Climate change isn’t the crisis of our generation. To leave it at that would be to reduce its gravity. The warming of our planet and melting of our oceans is too big a problem to be put into the hands of today’s youth, to be called our responsibility to solve. Climate change and its effects have been a long time coming, and the consequences of our delayed action, whatever tragedies they will soon prove to be, will plague the years, decades, and centuries to come.

I, like every writer in this issue, am tired of this rhetoric that perpetually passes around the responsibility of climate change. I am tired of the now–clichéd numbness that people associate with climate change. I am tired of endless discussions followed by little to no action. 

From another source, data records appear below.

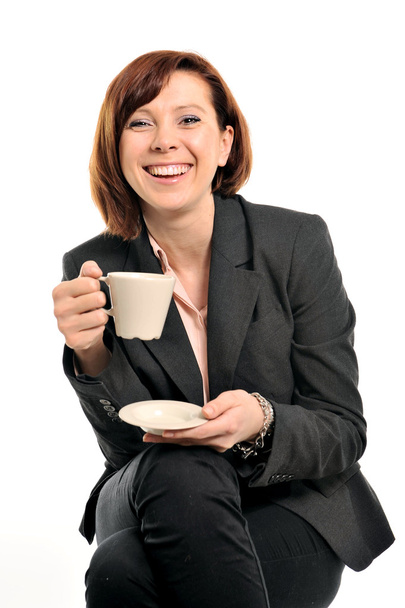 Happy business woman with red hair drinking coffee and smiling - Photo, Image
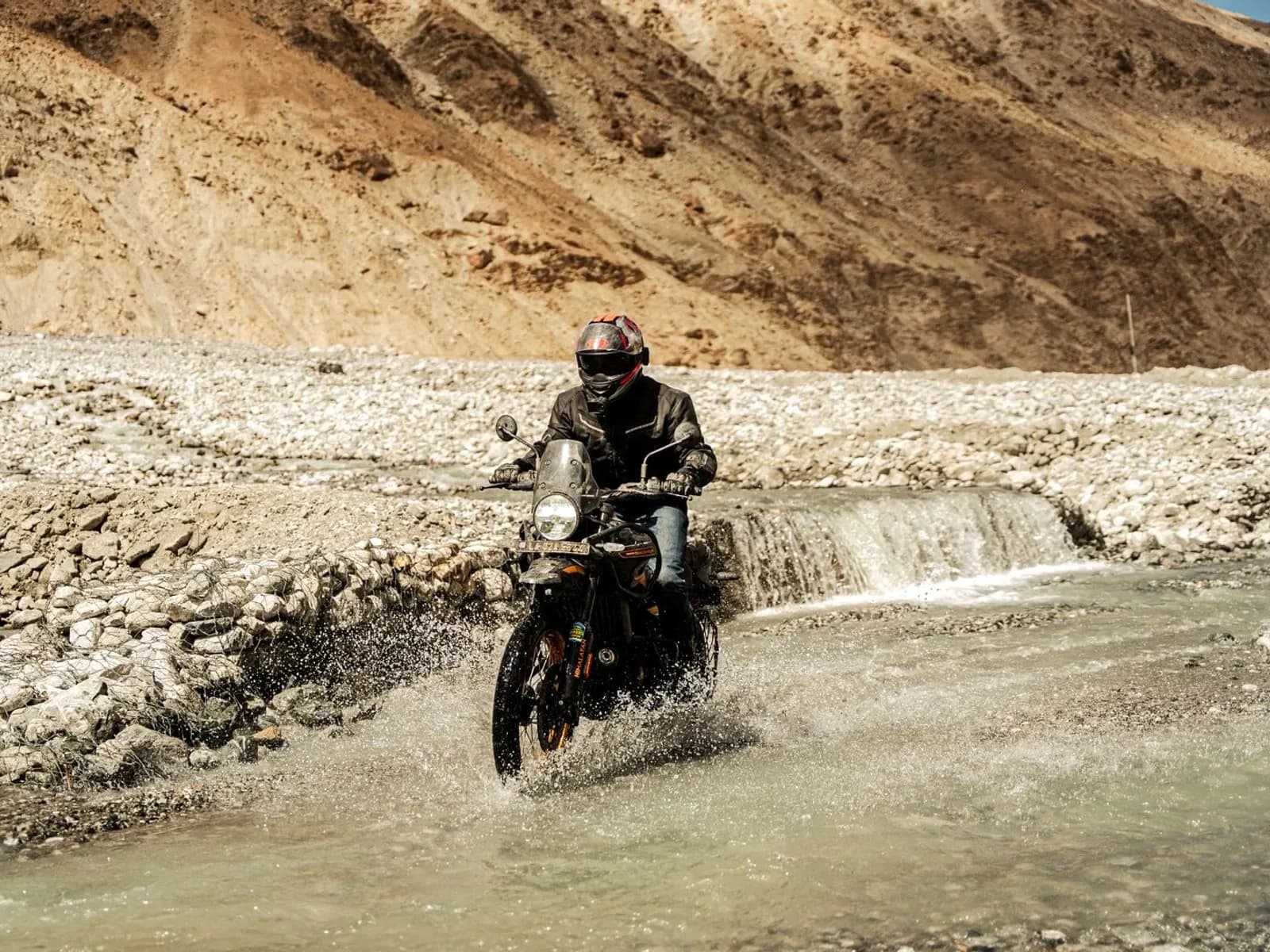 Rider splashing through a river crossing on a Royal Enfield Himalayan 450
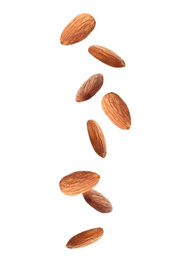 Image of Tasty almonds falling on white background 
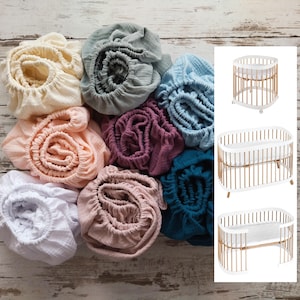 Peut inclure: Divers draps-housses pour berceau aux couleurs variées, crème, pêche et turquoise, sont disposés sur une surface en bois. L'image présente également un lit bébé ovale blanc et bois en trois vues, mettant en valeur le design.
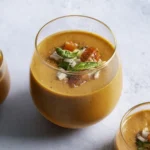 Bowl of bright red cherry tomato gazpacho garnished with fresh basil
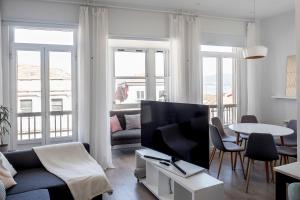 un soggiorno con divano e TV di Casa MIMOSA Vigo a Vigo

So how could we not dedicate an issue of our magazine to this rampant sense of exhaustion, and our efforts to maintain hope in the face of it? For the last several weeks, we poured our hearts into pieces on self–improvements in sustainability, highlights of climate activists on campus, and what our responsibility is in all of this as members of a leading research institution. 

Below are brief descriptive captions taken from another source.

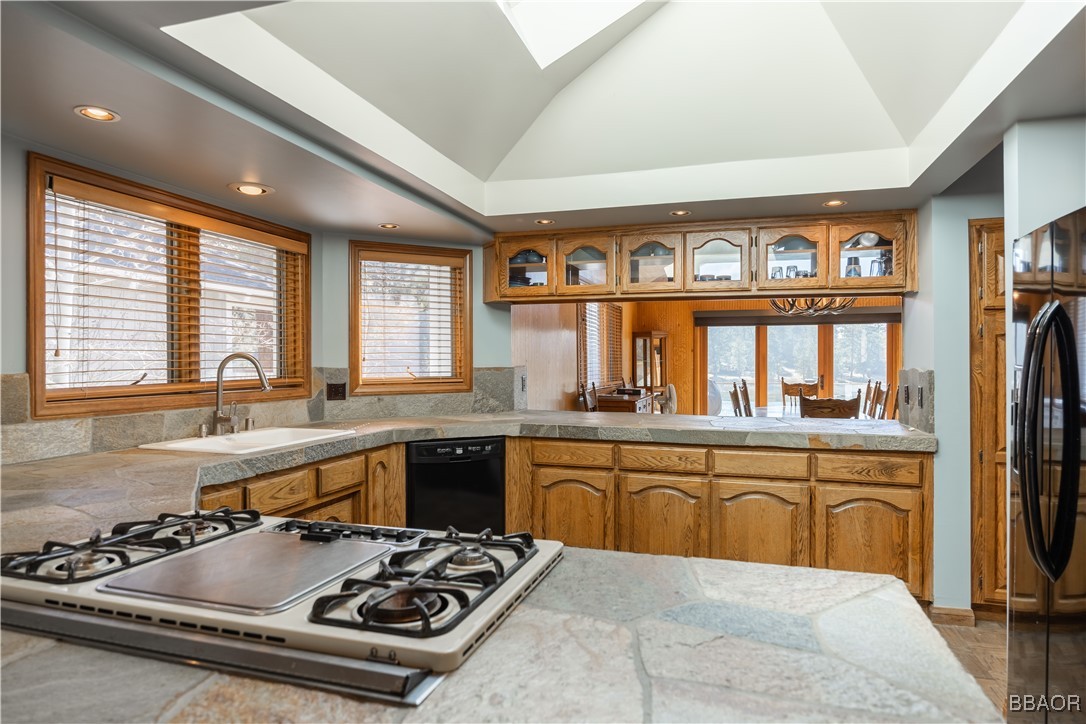 599 Cove Drive Big Bear Lake, CA 92315 - Photo 12 of 50 a kitchen with furniture a sink and stainless steel appliances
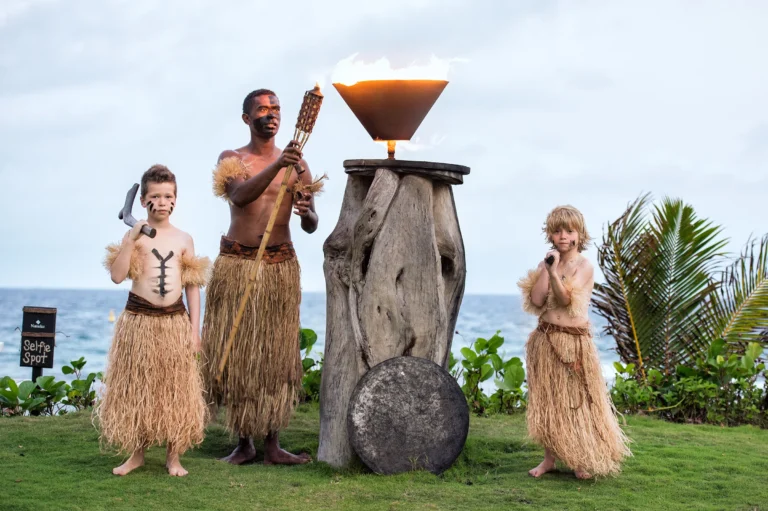 Torch-lighting ceremony at Nanuku Resort Fiji at dusk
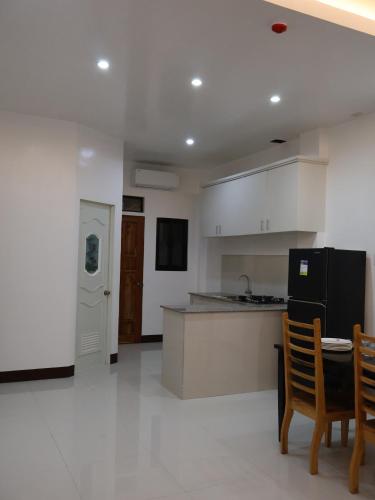 a kitchen with a counter and a table and chairs at Solcuerpo in Dauin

This issue reflects the way in which every choice we make can be thought of in terms of its sustainability and impact on climate change. We can choose to be vegan, to stop traveling by plane, to reduce the amount of waste we produce. But beneath every story that investigates these smaller adjustments in this issue is the urgent need for greater action. Though we should all start obsessing over the individual ways we can adopt more sustainable habits, we need a revolution around the globe in order to halt the dire effects of climate change. 

Climate change and its fallout are no longer worries that we can push to the back of our minds and ignore, but ones that we need to consider in every second of every minute of every day. This issue, and the pieces within it, are our commitment to doing that. In writing of climate change through the lens of a college campus, we challenge ourselves and our readers to do more. This is our world too, and we should never forget that.